Back in Black
- Author: Zoey Dean
- Language: English
- Genre: Novel
- Publisher: Little Brown
- Publication date: 1 September 2005
- Publication place: United States
- Media type: Print (Paperback)
- Pages: 304 pp
- ISBN: 0-316-01092-8
- OCLC: 58729776
- LC Class: PZ7.D3473 Bac 2005
- Preceded by: Tall Cool One
- Followed by: Some Like It Hot

= Back in Black (novel) =

2005 novel by Zoey Dean

Back in Black is the fifth novel in the juvenile fiction A-List series by Zoey Dean. It was first released in September 2005 through Little, Brown and Company and re-released by Poppy in 2008.

==Plot summary==
The A-List crew, consisting of Sam, Anna, Dee, Parker, Adam, and Cammie decide to forgo the Spring Break school sponsored trip to Washington D.C. in favor of heading over to Las Vegas instead. Anna misses Ben, who is away at school, and she impulsively invites him to join her and their friends in Vegas too. She also mentions the trip to her best friend from New York, Cyn Baltres, who is impressed with the way Anna has reinvented herself.

Parker Pinelli is worried because he is secretly poor and doesn't have enough money to cover the expenses for their luxurious get away but refuses to confide in any of his friends, fearing they'll kick him off the A-list if they knew the truth. He tries to gamble but is unsuccessful as the Las Vegas laws forbid minors from collecting any winnings so he hooks up with a series of wealthier and older women to cover his costs. No one in the group notices and figure Parker is just a lady killer and decide to kick off their break with a "tacky showgirl outfit contest". The girls eagerly participate although Cammie sneaks away to an undisclosed location which causes Adam to worry that she is cheating on him.

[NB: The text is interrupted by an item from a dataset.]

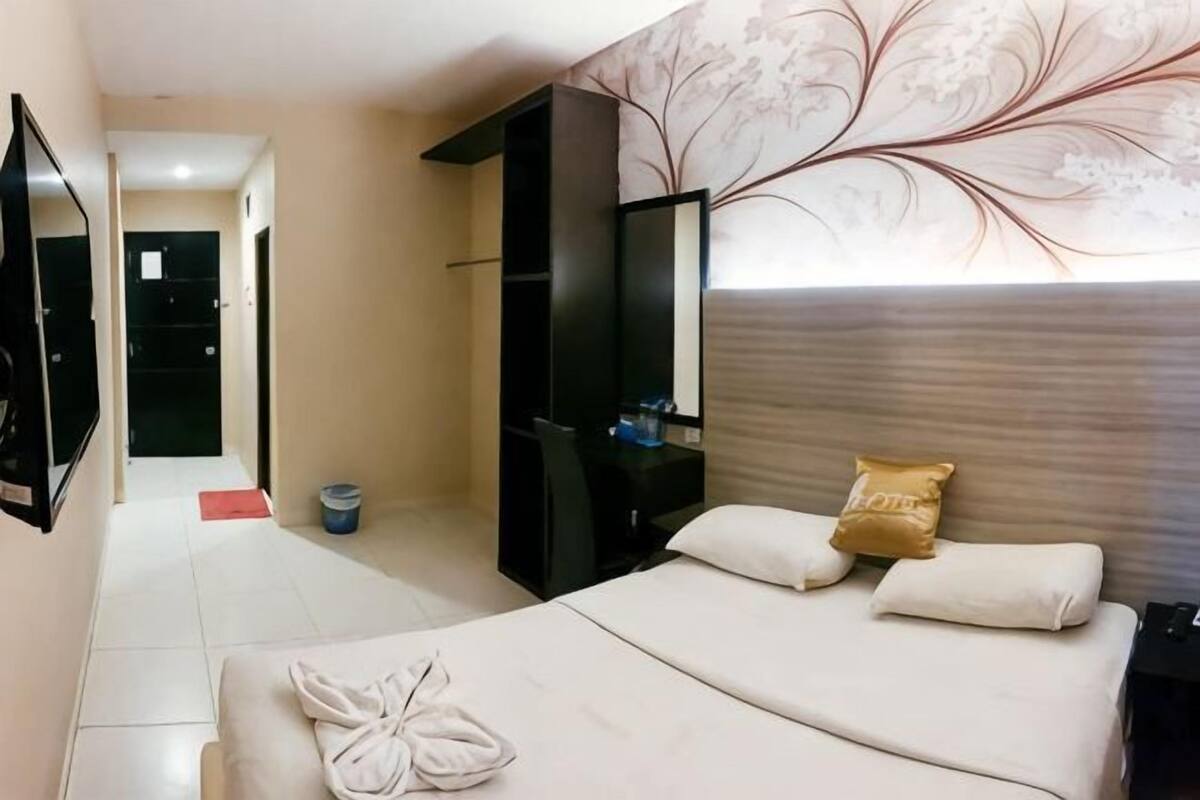 A hotel room with a bed, a desk, a mirror, and a door leading to another room.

At dinner, the group is joined by none other by Cyn and her boyfriend Scott Spencer, a handsome intellectual Anna secretly had a crush on before coming to L.A. The crew decides to visit a hypnotist, although Dee bows out in favor of trying to help the sinners of Las Vegas reform. Dee's friends are a little bit worried for her as this goes beyond her normal interests in New Age or spiritual fads. Dee has Ruby Hummingbird, Sam's new half sister, on the mind and she frequently calls Poppy in a worry, claiming that she and Ruby Hummingbird have a spiritual connection. Dee begins to hear voices and believes it is Ruby Hummingbird trying to contact her.

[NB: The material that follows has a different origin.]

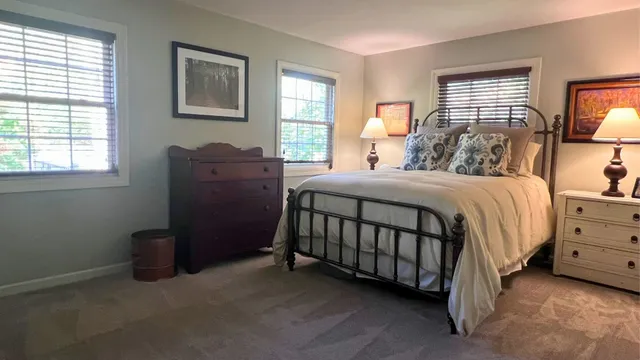 a livingroom with workspace and a window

Meanwhile, at the hypnotist, Sam is the only one of her friends who doesn't get hypnotized and she watches in shock as everyone's secrets are revealed: Adam admits that sometimes he finds other girls attractive, Cammie admits that she feels Adam can be boring sometimes, and Anna admits her secret crush on Scott. None of them remember what they said and eagerly buy a recording of the show. Sam tries to convince the others not to watch but fails and now everyone is angry with everyone: Adam and Cammie begin to argue about their relationship and Cyn refuses to speak to Anna. However, all is forgotten when Dee suffers a mental breakdown and the crew rush to the hospital to see her.

Dee is fine, although she has elected to spend some time at Ojai Mental Hospital. Relieved that Dee is fine although saddened she won't be at BHH anymore, the group returns to their hotel. Scott takes Anna aside and tells her it wouldn't work out between them and Ana realizes she only liked the idea of him and agrees, although still extremely embarrassed. She makes up with Cyn who tells her that she isn't mad because Anna was secretly lusting for her boyfriend—she was mad that Anna never confided her crush in the first place. Cyn also tells Anna that she and Scott are about to break up, if Anna wants to make a play for him but Anna declines. Meanwhile, Sam finds Parker at the bar and finds out he is poor. She promises not to tell and is impressed with the way he refuses her offer to cover his expenses. Adam and Cammie make up and Cammie admits where she had been sneaking off to—to the house of a platonic family friend who lives in Las Vegas. Said friend invites the crew to his for a party.

At the end, before they go back to Beverly Hills, Ben shows up and Anna stays behind with him. They talk about their relationship and Ben confesses that he's seeing someone at school, Blythe, but it is not serious. In the end, Anna and Ben decide to get back together.